What you should do: Count every line in this listing that has "from". Reply with only the total.

*** Records supplied ***

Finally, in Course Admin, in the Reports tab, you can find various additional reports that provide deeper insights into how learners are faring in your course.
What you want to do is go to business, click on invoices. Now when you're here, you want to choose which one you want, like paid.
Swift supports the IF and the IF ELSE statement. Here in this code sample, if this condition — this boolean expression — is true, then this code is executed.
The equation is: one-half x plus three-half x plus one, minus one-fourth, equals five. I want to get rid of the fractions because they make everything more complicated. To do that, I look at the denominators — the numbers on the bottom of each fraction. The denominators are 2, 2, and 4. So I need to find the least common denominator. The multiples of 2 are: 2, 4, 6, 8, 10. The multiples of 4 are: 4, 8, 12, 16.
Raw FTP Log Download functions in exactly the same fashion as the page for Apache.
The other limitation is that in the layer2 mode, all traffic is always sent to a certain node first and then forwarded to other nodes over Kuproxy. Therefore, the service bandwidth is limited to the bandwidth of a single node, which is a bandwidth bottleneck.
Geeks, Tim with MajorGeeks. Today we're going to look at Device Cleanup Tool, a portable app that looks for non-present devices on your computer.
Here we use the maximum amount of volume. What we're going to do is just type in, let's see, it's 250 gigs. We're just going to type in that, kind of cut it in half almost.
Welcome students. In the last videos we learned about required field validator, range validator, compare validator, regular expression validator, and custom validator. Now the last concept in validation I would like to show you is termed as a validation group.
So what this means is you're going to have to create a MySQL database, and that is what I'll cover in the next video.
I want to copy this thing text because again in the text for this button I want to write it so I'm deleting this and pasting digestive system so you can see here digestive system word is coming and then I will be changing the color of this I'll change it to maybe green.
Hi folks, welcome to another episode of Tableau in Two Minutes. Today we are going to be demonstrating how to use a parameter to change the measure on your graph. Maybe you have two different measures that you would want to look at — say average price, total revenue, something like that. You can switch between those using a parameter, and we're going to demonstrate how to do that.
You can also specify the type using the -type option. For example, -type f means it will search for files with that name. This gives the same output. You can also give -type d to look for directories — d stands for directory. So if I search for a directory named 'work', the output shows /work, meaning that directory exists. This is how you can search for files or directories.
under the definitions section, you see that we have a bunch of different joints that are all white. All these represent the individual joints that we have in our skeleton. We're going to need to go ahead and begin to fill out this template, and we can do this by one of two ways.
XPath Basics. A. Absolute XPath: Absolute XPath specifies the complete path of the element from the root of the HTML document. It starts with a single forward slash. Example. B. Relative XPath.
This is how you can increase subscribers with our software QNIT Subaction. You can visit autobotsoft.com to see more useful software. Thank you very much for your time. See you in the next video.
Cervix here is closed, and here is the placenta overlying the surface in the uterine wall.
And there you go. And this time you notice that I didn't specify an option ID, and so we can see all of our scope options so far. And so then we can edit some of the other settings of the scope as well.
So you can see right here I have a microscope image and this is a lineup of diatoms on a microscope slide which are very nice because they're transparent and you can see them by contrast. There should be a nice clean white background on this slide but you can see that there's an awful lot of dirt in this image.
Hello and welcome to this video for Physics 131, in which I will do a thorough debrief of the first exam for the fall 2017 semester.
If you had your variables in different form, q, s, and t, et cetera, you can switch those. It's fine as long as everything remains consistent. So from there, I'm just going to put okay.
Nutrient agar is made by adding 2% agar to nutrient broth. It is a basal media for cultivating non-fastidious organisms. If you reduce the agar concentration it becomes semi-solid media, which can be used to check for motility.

*** End of Records supplied ***

Result: 2